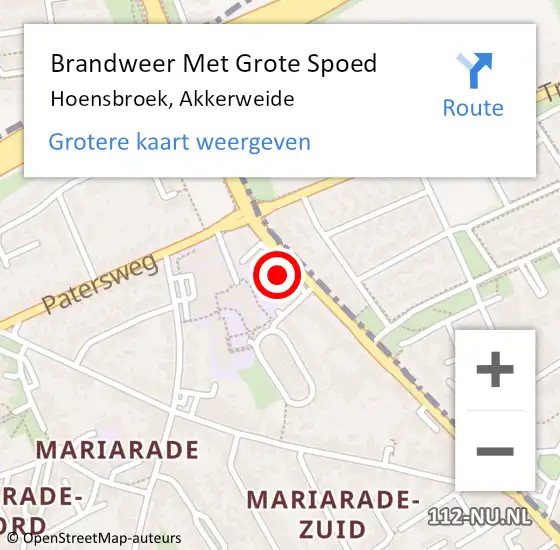 Locatie op kaart van de 112 melding: Brandweer Met Grote Spoed Naar Hoensbroek, Akkerweide op 20 januari 2018 04:50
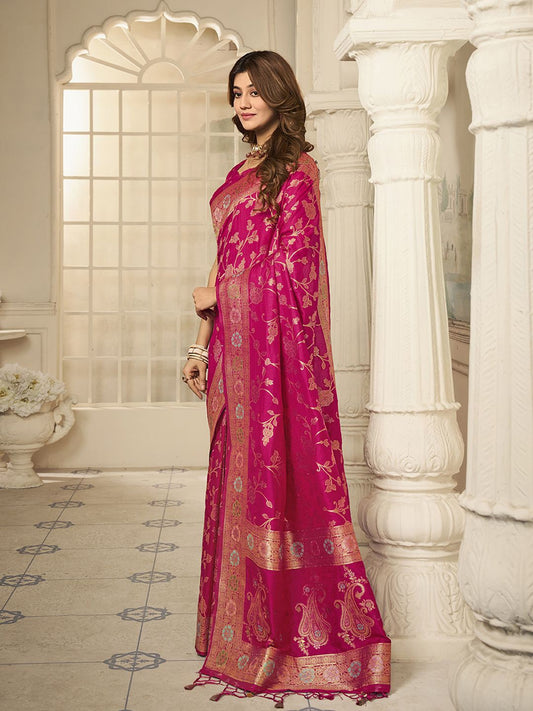 Magenta And Gold-Toned Woven Design Zari Saree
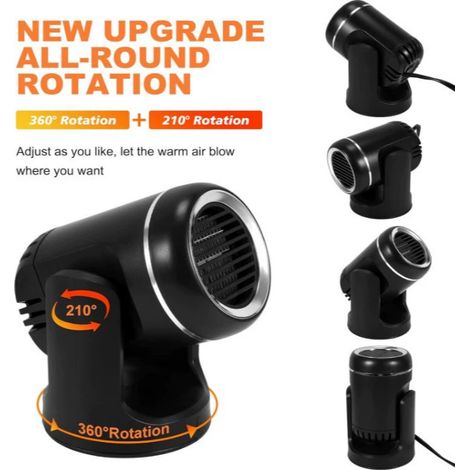 Calefactor para coche multifuncional (calefacción y refrigeración), potente calefactor eléctrico con función de descongelación y descongelador giratorio de 360 grados. (1/2)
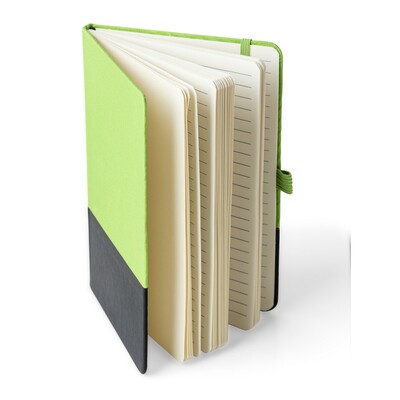 Notatnik ok. A5 z nadrukiem Twojego logo, materiał: pu, poliester, rpet, kolor: limonkowy Notatnik ok. A5 z nadrukiem Twojego logo, materiał: pu, poliester, rpet, kolor: limonkowy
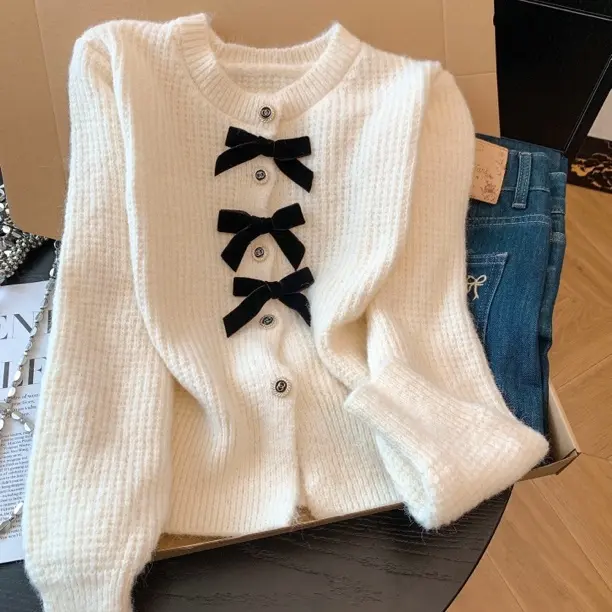 秋冬蝴蝶结加厚针织开衫外套女韩系圆领设计感小众长袖毛衣上衣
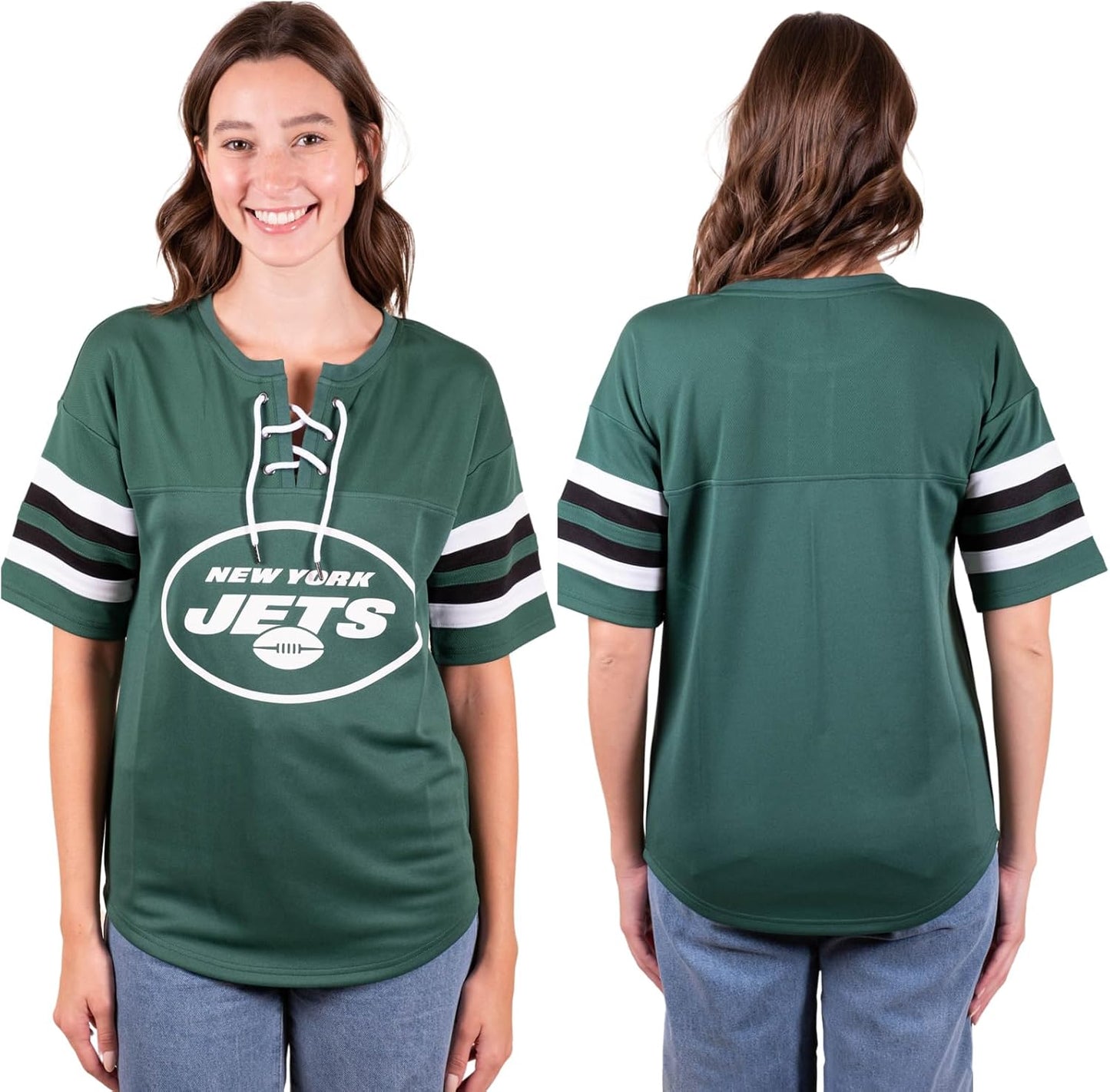 Ultra Game Women's NFL Lace Up Tee Shirt for Stylish Fans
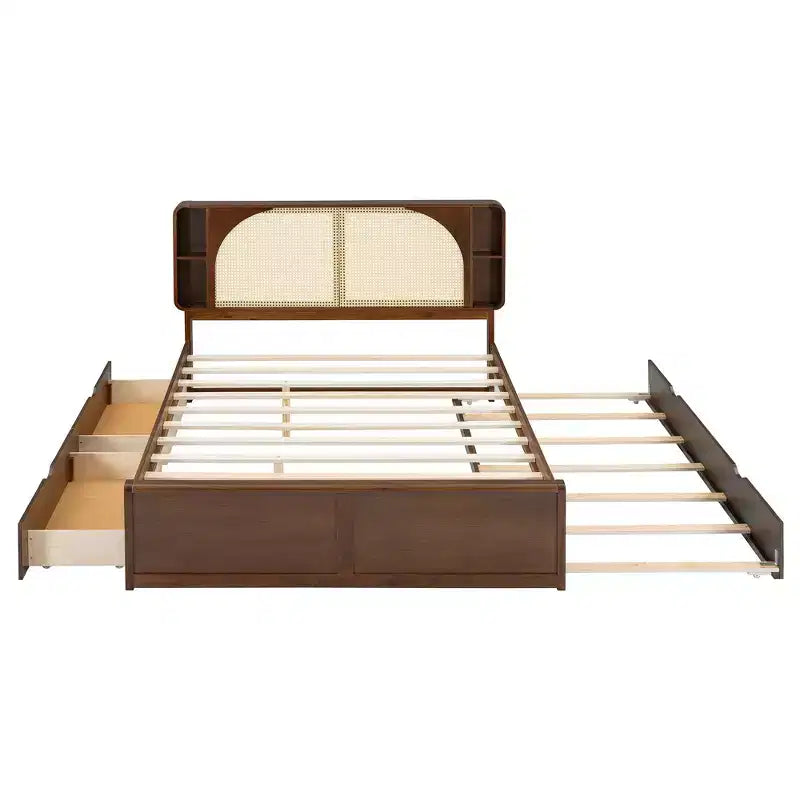 Luxystar Queen Size Rattan Headboard Platform Bed with 4 Storage Compartment, 2 Drawers and Trundle, Walnut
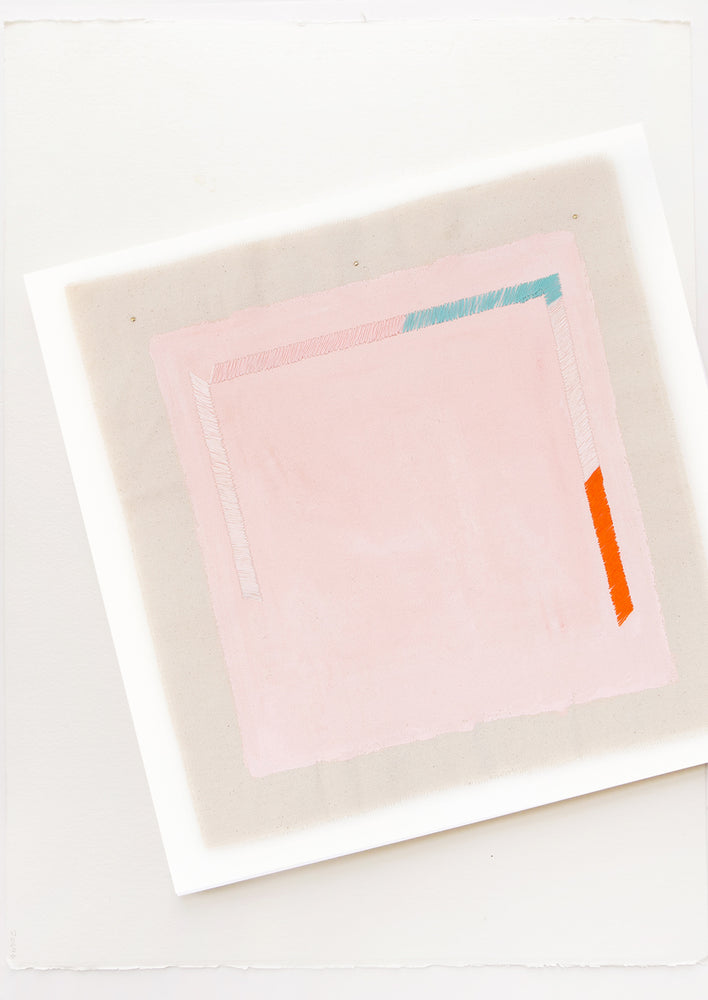 2: A minimalist abstract print of a pale pink square with small sections of blue, white, and red near its edges.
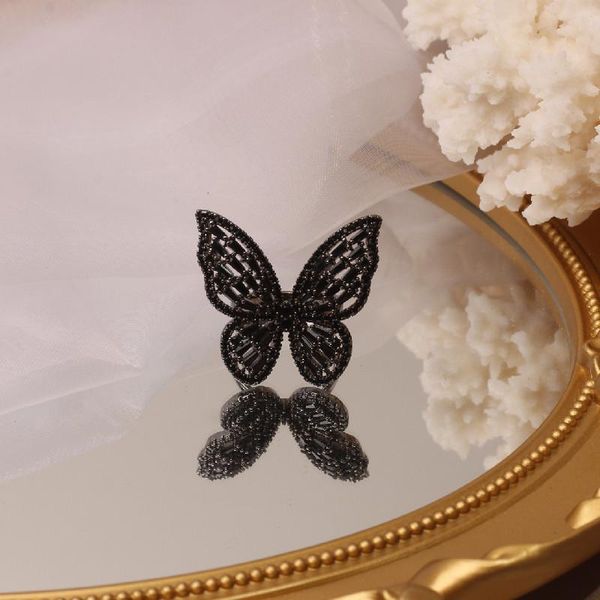 

2020 korea selling fashion jewelry exquisite copper inlaid zircon black smart butterfly open ring female prom ring, Golden;silver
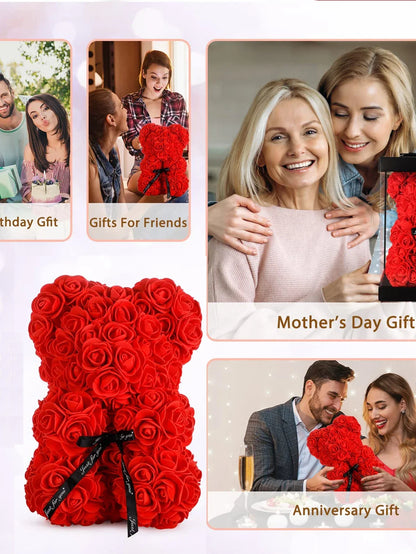 25cm Eternal Rose Teddy Bear – Artificial Flower Gift for Mom, Mother’s Day, Birthday, Valentine’s & Anniversary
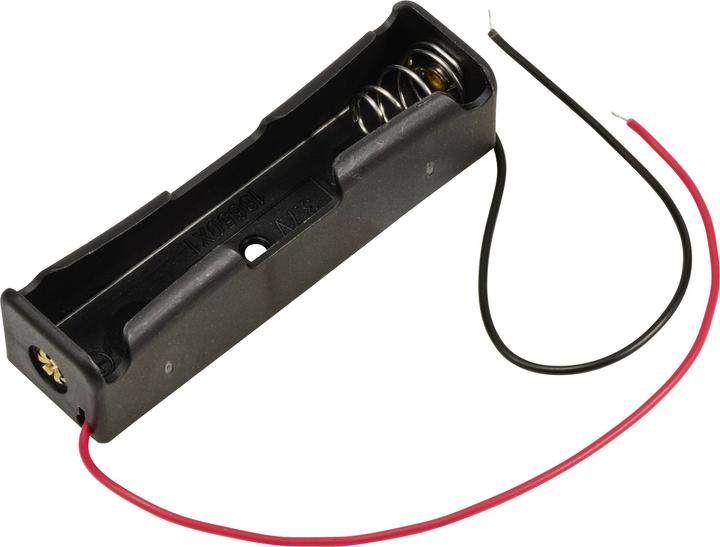 Immagine prodotto Tru Components TC-13220688 Batteriehalter 1x 18650 Kabel (L x B x H) 76 x 21 x 1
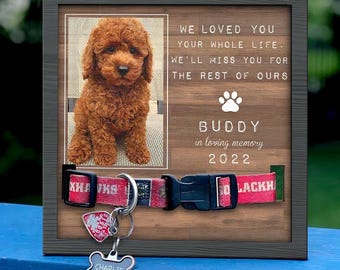 Personalized Pet Memorial Sign: Collar Frame, Photo Upload, Wood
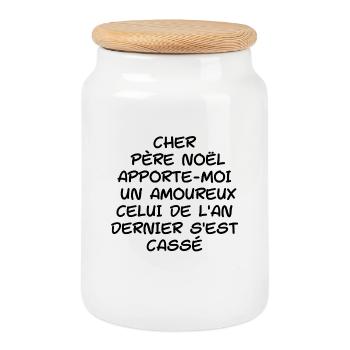 cher père noël apporte moi un amoureux Cadeau - Boîte à biscuits avec couvercle en bois - blanc - Devant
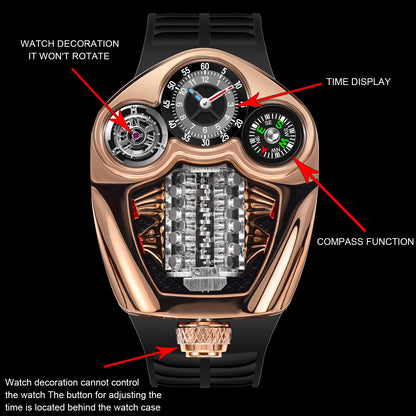 Luxury Men’s Stainless Steel Quartz Watch with Compass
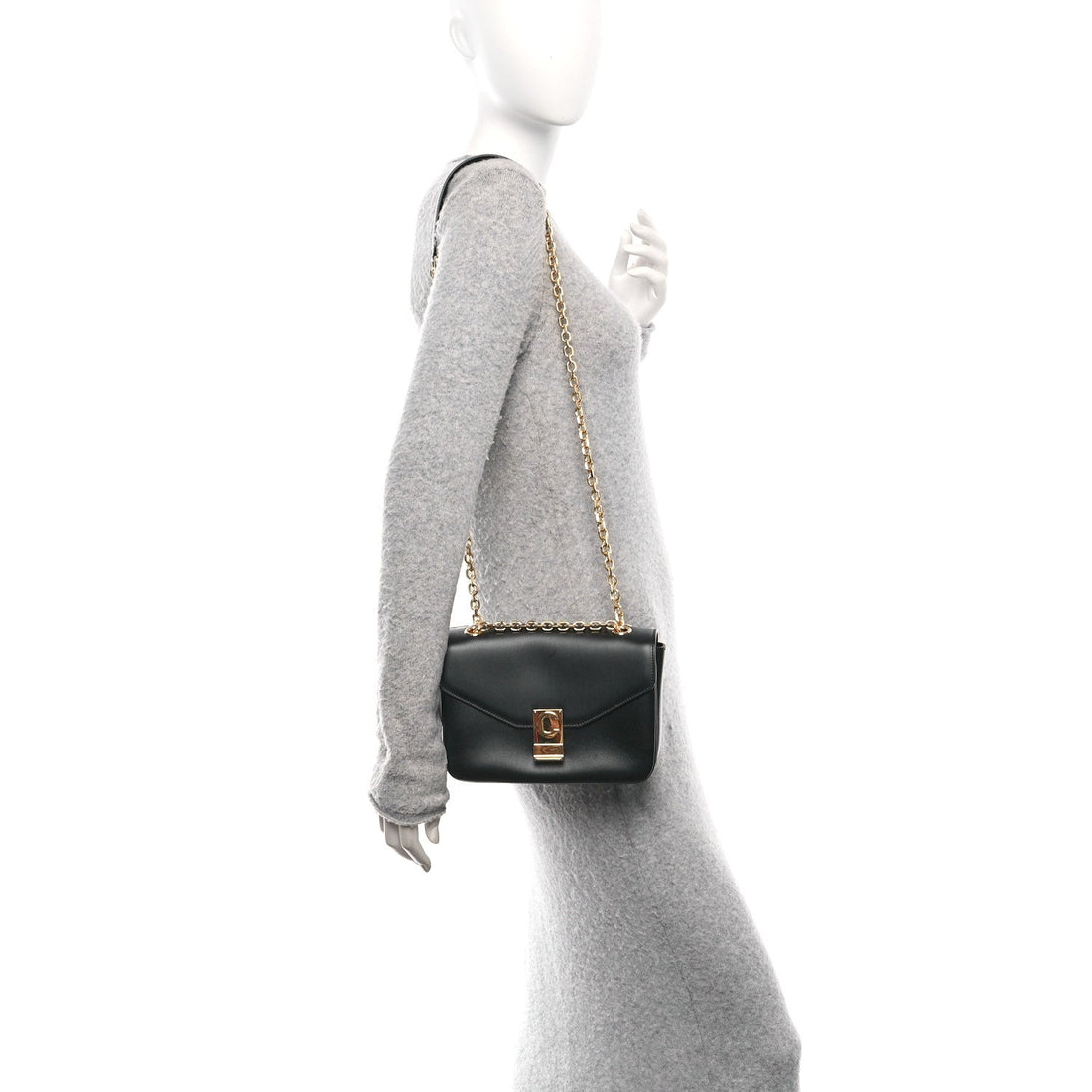 Shiny Calfskin Medium C Bag Black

- - - -

The answer should consist only of the lines above from the one with "kolor: limonkowy Notatnik" through the one with "2020 korea selling", repeated exactly, with no pictures among them.

### Completed task
 Notatnik ok. A5 z nadrukiem Twojego logo, materiał: pu, poliester, rpet, kolor: limonkowy Notatnik ok. A5 z nadrukiem Twojego logo, materiał: pu, poliester, rpet, kolor: limonkowy
 秋冬蝴蝶结加厚针织开衫外套女韩系圆领设计感小众长袖毛衣上衣
 Ultra Game Women's NFL Lace Up Tee Shirt for Stylish Fans
 Luxystar Queen Size Rattan Headboard Platform Bed with 4 Storage Compartment, 2 Drawers and Trundle, Walnut
 2: A minimalist abstract print of a pale pink square with small sections of blue, white, and red near its edges.

2020 korea selling fashion jewelry exquisite copper inlaid zircon black smart butterfly open ring female prom ring, Golden;silver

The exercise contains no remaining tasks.